I have similar qualms about Marnie across season two, but I’m less prepared to direct my ire towards the writing staff. After all, season two ended with a happily-ever-after-not-really pairing between Marnie and Charlie (Christopher Abbott) that seemed like a perfect conclusion to Marnie’s troubles across that season. Her attempts to define herself as something other than a well-spoken, conventionally-attractive woman failed again and again, but falling into lockstep with her ex – now a software mogul – seemed entirely apropos. Christopher Abbott’s decision to leave the show put the writers in a tight spot, and while the solution – an off-screen, generally unexplained dumping – left a bit to be desired, there was never really going to be a great fix. (“Charlie died on the way to his home planet,” perhaps? No?)
Without Charlie to rely on, it’s understandable that Marnie would end up at square one. It’s just a shame that the show felt compelled to walk her through basically the same character arc all over again. Did you enjoy that awkward performance of “Stronger” in season two? Well, here’s basically the same thing, now in YouTube form! (Sorry, I should cut back on my Simpsons references) And if you loved Marnie trying to find a sense of purpose and ultimately seeking it in a man’s arms, well you get that too.

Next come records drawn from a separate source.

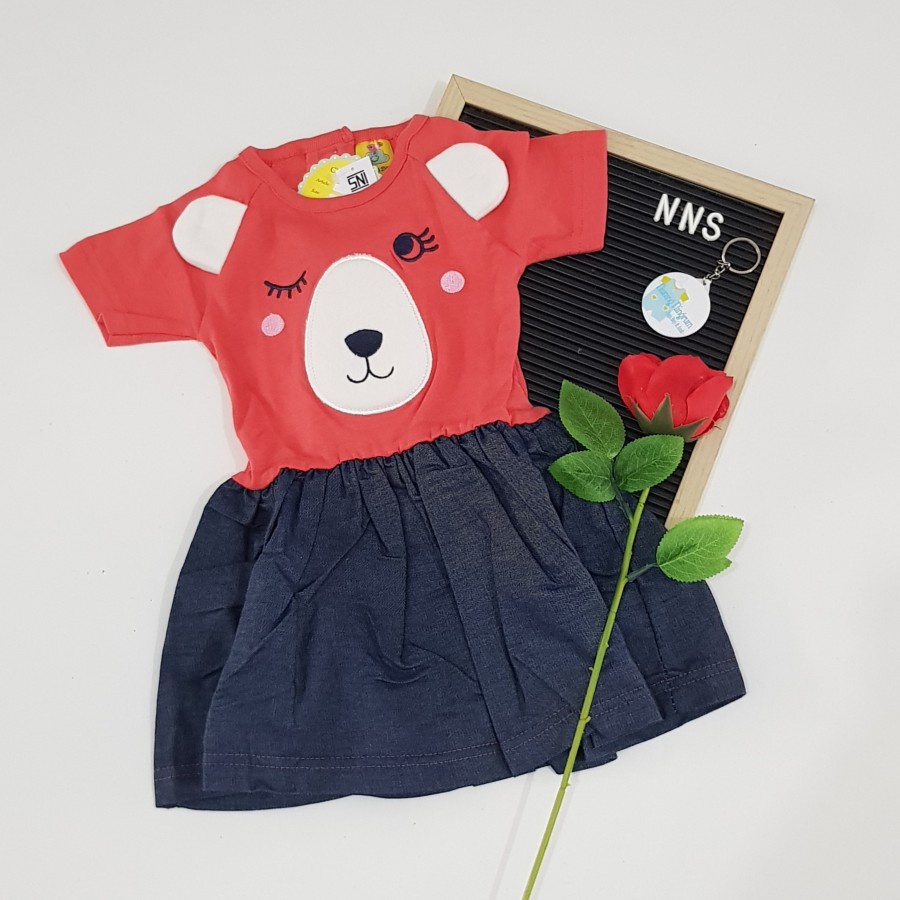 Baju Bayi Dress Denim Anak Perempuan CB 260241 Pinggang Karet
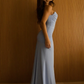 Simple Blue Sheath Strapless Satin Prom Dress Evening Dress with Slit SH6363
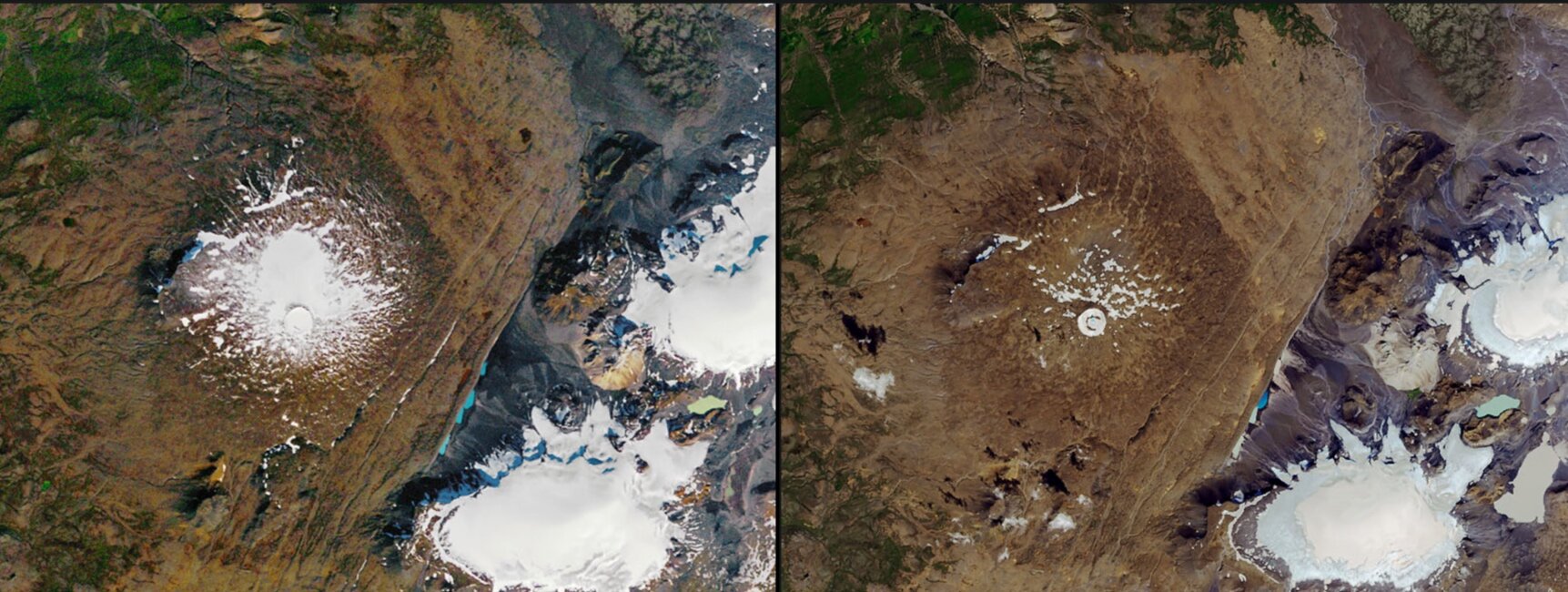 Iceland’s Ok Glacier Melts Away via Nasa Images of Change.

I saw an interesting theory midway through the season that Marnie’s disappointment stemmed from her expectations/privilege: as a white, pretty girl from a well-off family, she expected to simply get things without having to earn them (unlike, say, Hannah).
It’s an interesting idea, and one that would’ve elevated Marnie’s arc, but I don’t think the conclusion of the season really supports that reading. Marnie finds her way into a sweet gallery job by virtue of knowing the right people and seems to have some momentum behind a potential music career thanks to – yep, a dude. It doesn’t help that Allison Williams is clearly the weakest actor of the bunch, her emotions generally expressed through variations on an I-just-ate-a-lemon or, sometimes, you-just-farted face.
Overall, how did season three of Girls stack up? As a whole, I think it’s an excellent season of television, lacking any episodes as masterful as “One Man’s Trash” but hitting about the same overall benchmark as the second season. Aside from Dunham’s performance, one of the big appeals of Girls for me has been its mutable identity. Without a case to solve or sitcom formula to follow, the show regularly plays with its form, and its little capsule episodes – a house party here, a trip away from the city there – are invariably the strongest episodes because of their unpredictability and completeness.
The run of episodes from “Free Snacks” to “Flo” (including “Beach House” and “Incidentals”) was the best part of season for me, a chunk of episodes that each had their own unique identity while feeling very much a part of one show. In particular, I love that Dunham is increasingly demonstrating the confidence to tie these distinct chapters together with serialised plots that elevate rather distract from the discreteness of each episode. It’s almost a shame when the larger arc of the season begins to reveal itself – I’d happy watch a thirty episode season of these characters just hangin’ out, doing their thing. It certainly doesn’t hurt that this was the funniest season yet; after all, if you believe the Emmys, this is a comedy show.
Girls produced a season of television that was often messy and often flawed; yet while I might quibble over the show’s use of its secondary characters or wish that they would just abandon the notion of a television season altogether and embrace the chaos of life, these are minor complaints. Girls’ third season was on the whole excellent, demonstrative of a show maturing along with its characters.